# Exercise
All the lines below should appear again unchanged, though their pictures should not.

(Pictures with short captions)

_____

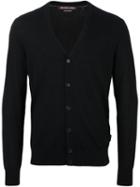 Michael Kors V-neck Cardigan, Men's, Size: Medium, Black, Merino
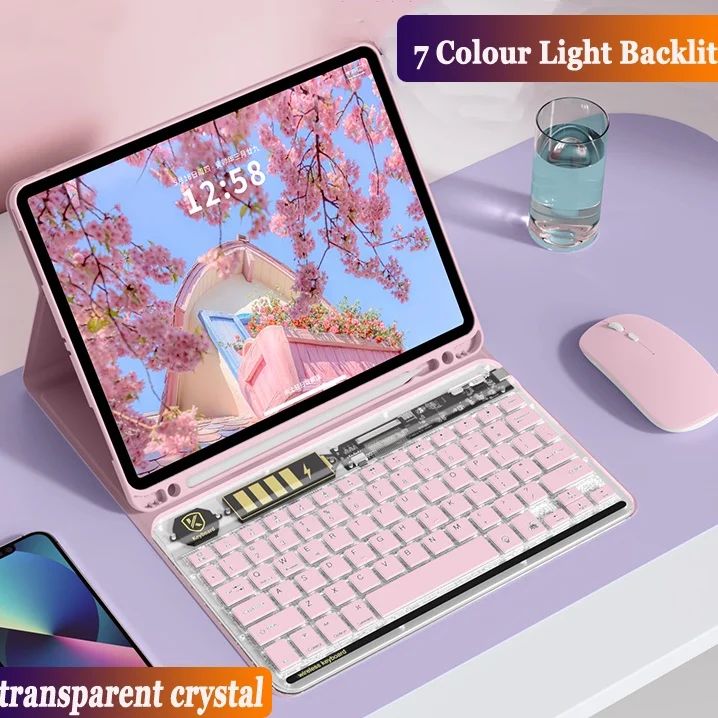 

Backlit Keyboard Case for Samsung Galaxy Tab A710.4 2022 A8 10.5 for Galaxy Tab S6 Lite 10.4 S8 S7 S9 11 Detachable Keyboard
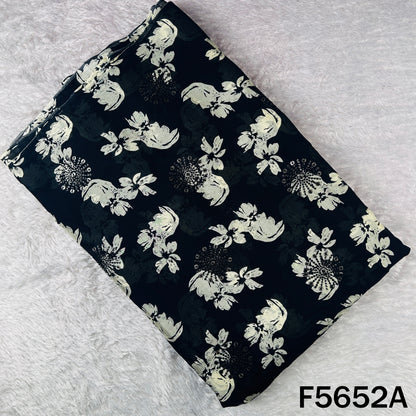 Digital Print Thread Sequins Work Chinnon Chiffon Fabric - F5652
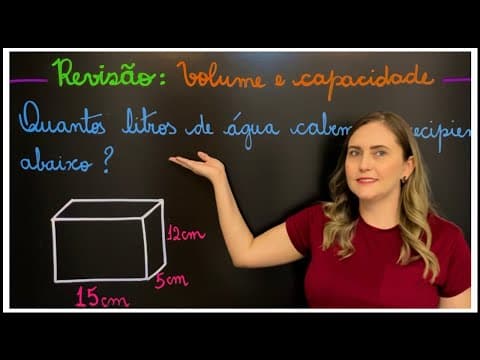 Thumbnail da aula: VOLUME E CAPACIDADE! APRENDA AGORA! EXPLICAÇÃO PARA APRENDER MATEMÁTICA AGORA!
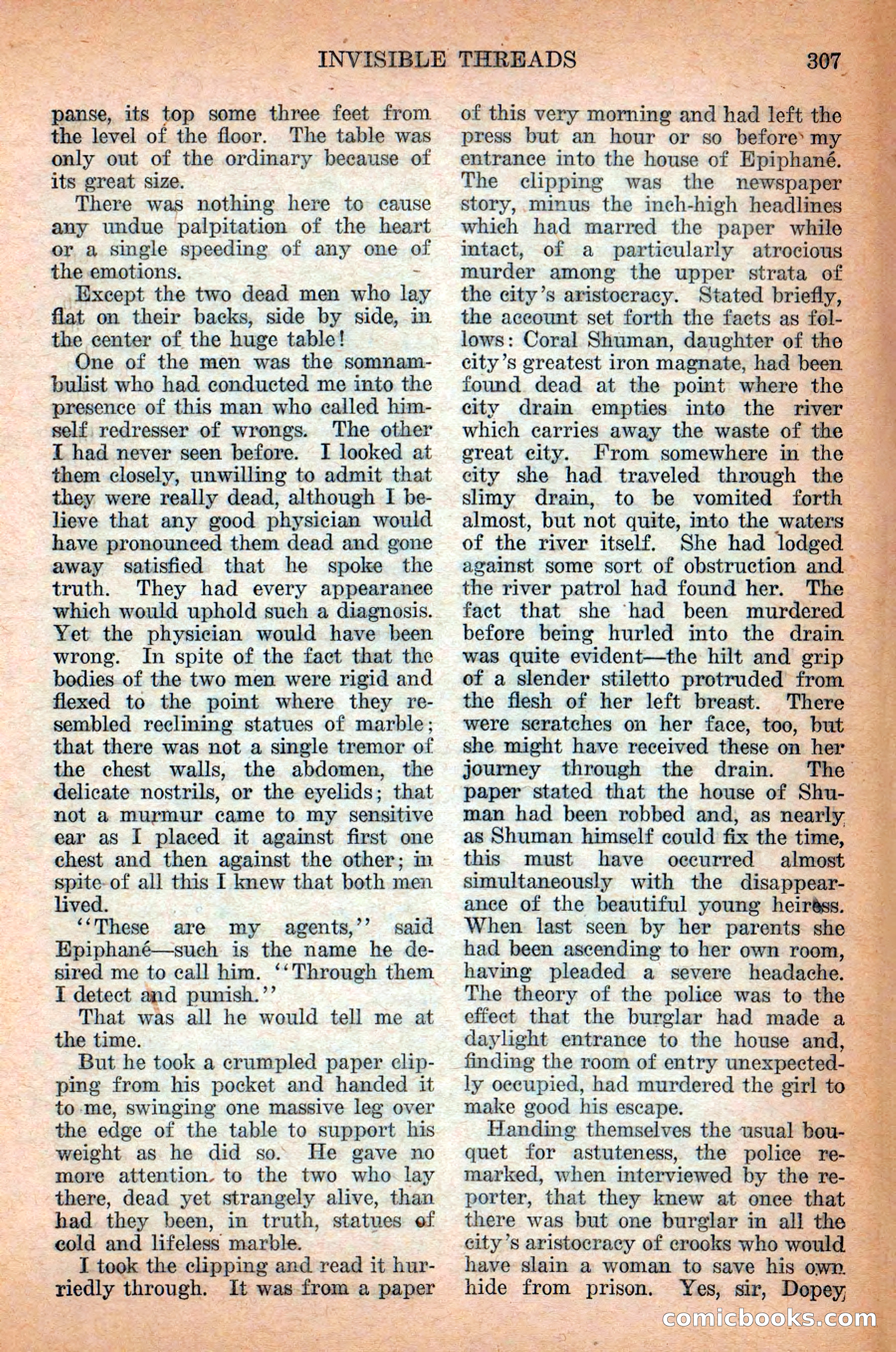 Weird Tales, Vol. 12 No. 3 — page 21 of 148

_____

# Response to the exercise
 Michael Kors V-neck Cardigan, Men's, Size: Medium, Black, Merino

Backlit Keyboard Case for Samsung Galaxy Tab A710.4 2022 A8 10.5 for Galaxy Tab S6 Lite 10.4 S8 S7 S9 11 Detachable Keyboard
 Digital Print Thread Sequins Work Chinnon Chiffon Fabric - F5652
 Thumbnail da aula: VOLUME E CAPACIDADE! APRENDA AGORA! EXPLICAÇÃO PARA APRENDER MATEMÁTICA AGORA!
 Weird Tales, Vol. 12 No. 3 — page 21 of 148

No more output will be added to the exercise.